Let me tell you about a system that handles 1.3 billion page views every month.
It runs on 9 web servers. Nine. Physical machines. Two data centers. The database is one primary, two replicas. The deployment is a PowerShell script. The architecture, in the technical sense, is deeply, aggressively, almost confrontationally boring.
It’s Stack Overflow. You’ve probably used it today. You’ve definitely used it this week. It answered the question that unblocked your Kubernetes migration.

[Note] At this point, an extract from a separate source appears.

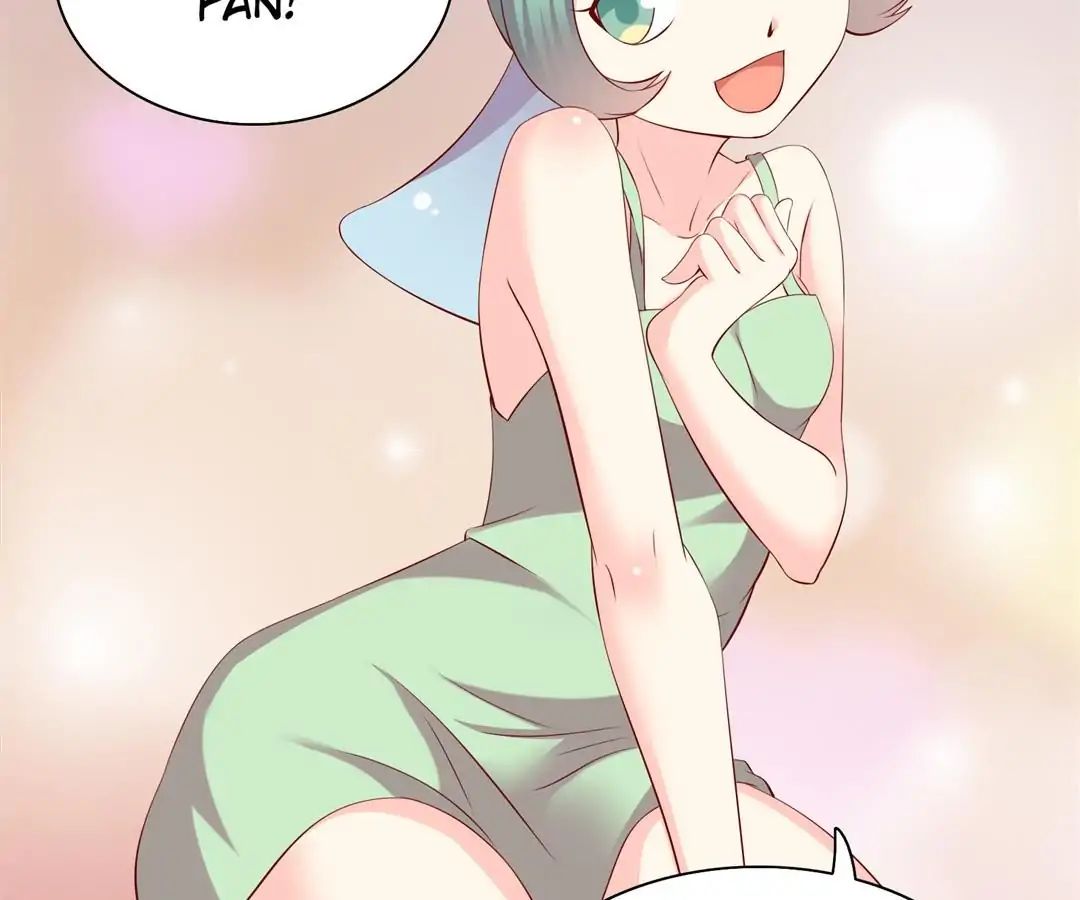 Consider Everything Girls chapter 8 - page 9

Now tell me about your startup’s infrastructure. Tell me about the Kubernetes cluster. The service mesh. The API gateway. The three message queues (one for each time someone said “we should decouple this”). The distributed tracing system you installed to figure out why things are slow — which itself made things slower. The two engineers whose job titles are “platform” because the infrastructure became its own product.
How many users do you have?
I’ll wait.
A Function Call vs. a Network Call
When your Order Service calls your Inventory Service over the network, here is what happens at the hardware level:
- Serialize the request object to JSON. (Or Protobuf, if you went to a conference about it.)

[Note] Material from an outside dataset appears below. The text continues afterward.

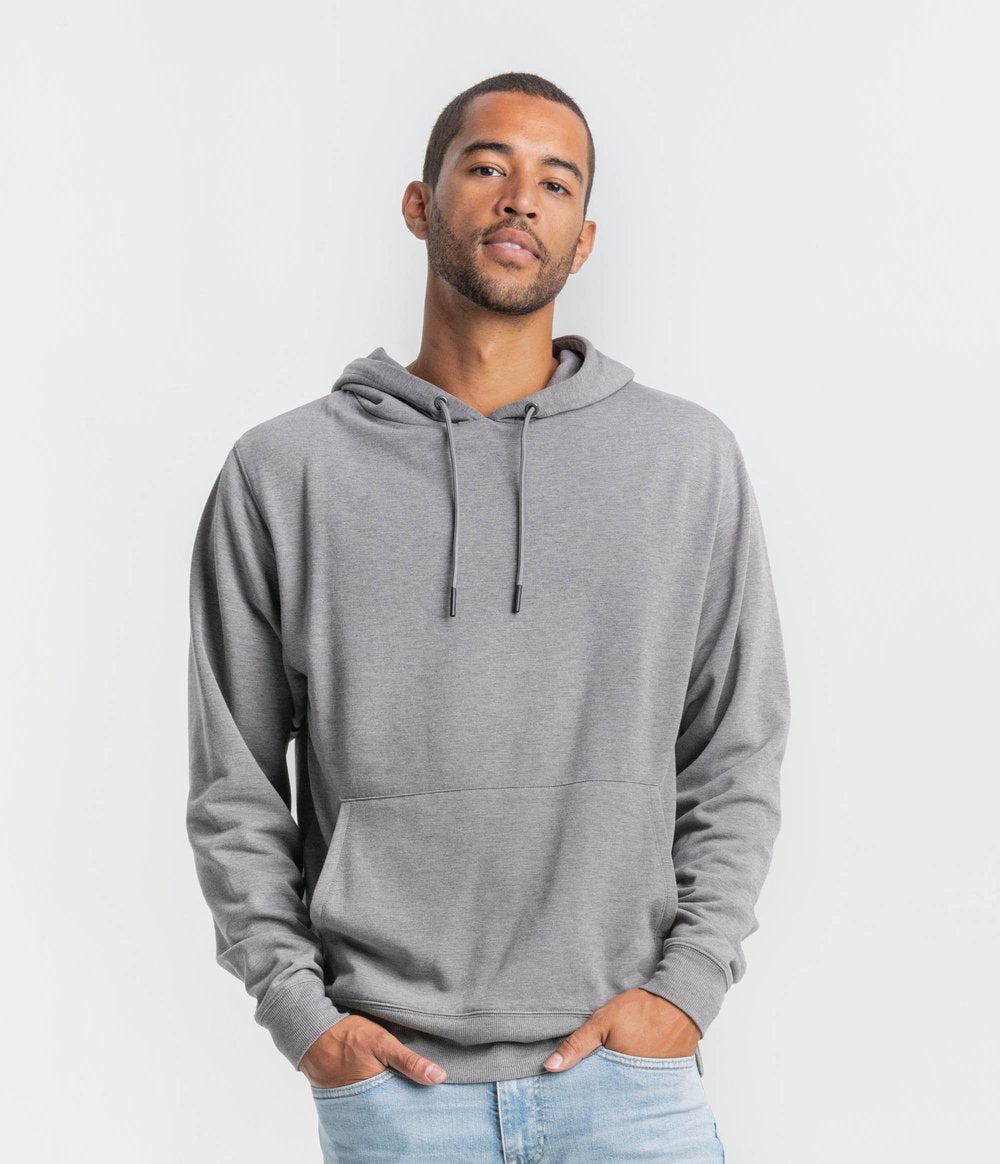 Midtown Hoodie Magnet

- Form a TCP packet, push it onto the wire.
- Inventory Service receives it, deserializes JSON back into an object.
- Inventory Service processes it, serializes the response to JSON.
- Response travels back over the wire.
- Order Service receives it, deserializes it back into an object.

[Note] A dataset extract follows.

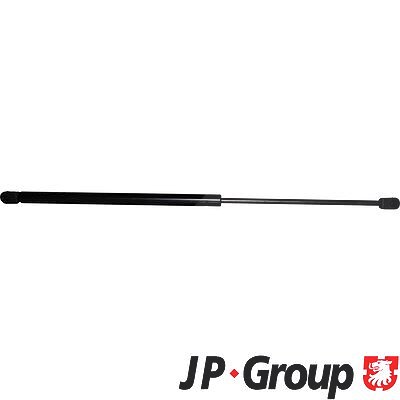 Jp Group Gasfeder, Koffer-/Laderaum [Hersteller-Nr. 1281201700] für Opel von JP GROUP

That’s six steps, involving DNS lookup, TCP handshake, TLS negotiation, a load balancer in the middle, serialization libraries on both ends, and network latency that depends on the current mood of your cloud provider’s infrastructure. Best case: 10–50ms. Worst case: timeout, retry, exponential backoff, circuit breaker, fallback logic, and a log message that says “Inventory Service unavailable” while the user stares at a spinning wheel.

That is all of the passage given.